TJUL: The Innovator Equity Defined Protection ETF

TJUL ETF
TJUL ETF


The Innovator Equity Defined Protection ETF (TJUL) is an exchange-traded fund offering a defined outcome strategy from Innovator ETFs, a leading issuer of buffered ETFs.

TJUL, the 2024 etf.com Awards Best New ETF nominee, offers a built-in buffer against market losses while simultaneously capturing upside potential.

“We believe TJUL is a great tool by providing upside to the equity markets, but with no downside risk. This is a powerful solution for investors to get some of that cash that's on the sideline equitized into the markets,” says Innovator Chief Investment Officer Graham Day.

How Does the TJUL ETF Work?

TJUL, the Innovator Equity Defied Protection ETF, is an actively managed fund that seeks to track the return of the SPDR S&P 500 ETF Trust (SPY), up to a cap, while fully hedging downside risk over a two-year outcome period.

To achieve its objective, TJUL uses FLEX options, which are unique option contracts in that they provide greater customization compared to standard listed options.

“What this means is you have a 100% built-in buffer against market losses and 18% upside potential. Most importantly, you know exactly what you're going to get,” says Day.

TJUL’s expense ratio is 0.79% and its assets under management (AUM) is $229 million.

What Is a Defined Outcome ETF?

Defined outcome ETFs, also sometimes called buffer ETFs, are a type of investment vehicle designed to offer investors a predefined range of returns over a specific outcome period. They achieve this by combining traditional equity exposure with embedded options strategies. Here's a breakdown of how they work:

  • Underlying asset: Defined outcome ETFs typically track a broad market index like the S&P 500 or a specific sector index. This provides exposure to the potential growth of the underlying stocks.

  • Options overlay: These ETFs use a series of options contracts to create a buffer against potential losses and limit potential gains over a set period, usually one year. The specific options strategy used will vary depending on the ETF's target outcome.
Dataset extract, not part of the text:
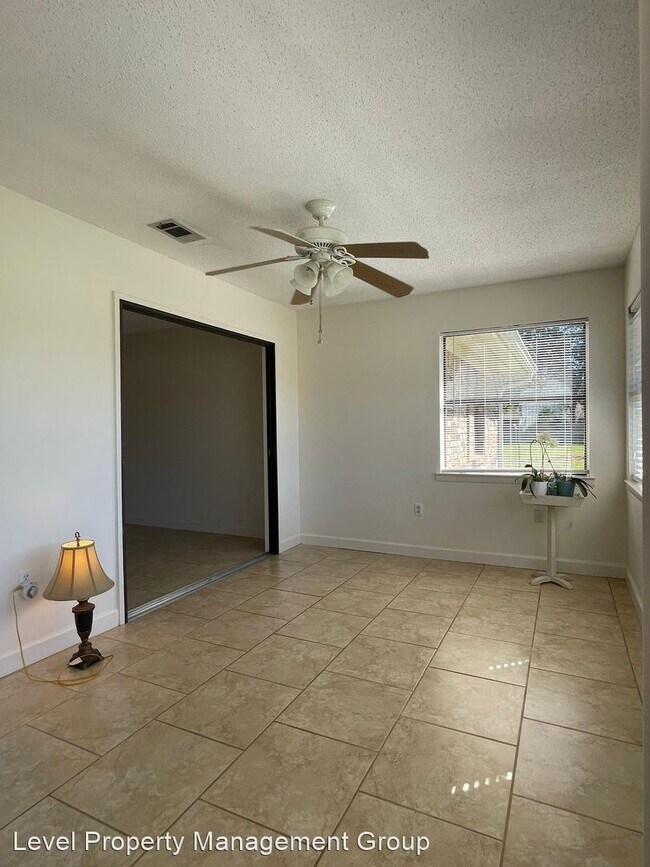 Foto del edificio - 3 br, 2 bath House - 1303 N. Cedar St.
Defined outcome ETFs can offer some protection against market downturns. The options component aims to limit potential losses within a predefined range, providing a buffer compared to directly owning the underlying stocks.

However, investors should also be aware that, in exchange for the downside protection, defined outcome ETFs also limit potential gains. If the market significantly rises, the ETF's returns might be capped at a certain level.

How Can TJUL Fit into a Portfolio?

According to the fund’s issuer, Innovator ETFs, there are a number of ways that TJUL can be used within investor portfolios. First, TJUL can be used to equitize cash. It can also be used as an alternative to bonds as it offers higher upside return potential while still protecting against 100% of losses.

According to Innovator CIO Graham Day, “Today, investor portfolios have more than 30% of their allocation to cash. Much of this is because investors are unwilling or unable to take on market risk. But we also know that investors are better off long term not being over allocated to cash. The question is, how do you get investors comfortable to invest in the equity markets?”

Bottom Line for Investors on TJUL

The TJUL ETF offers an innovative way to capture the stock market’s upside potential while eliminating its downside. This provides investors with an alternative to traditionally stable assets like bonds. To achieve its objective, TJUL uses FLEX options, and investors should note that the outcomes that the fund seeks to provide may only be realized if it is held for the full duration of the two-year outcome period, which ends July 2025.

As with any investment security, investors should carefully evaluate their investment goals, risk tolerance, and investment time horizon before deciding if defined outcome ETFs are a good fit for their portfolio.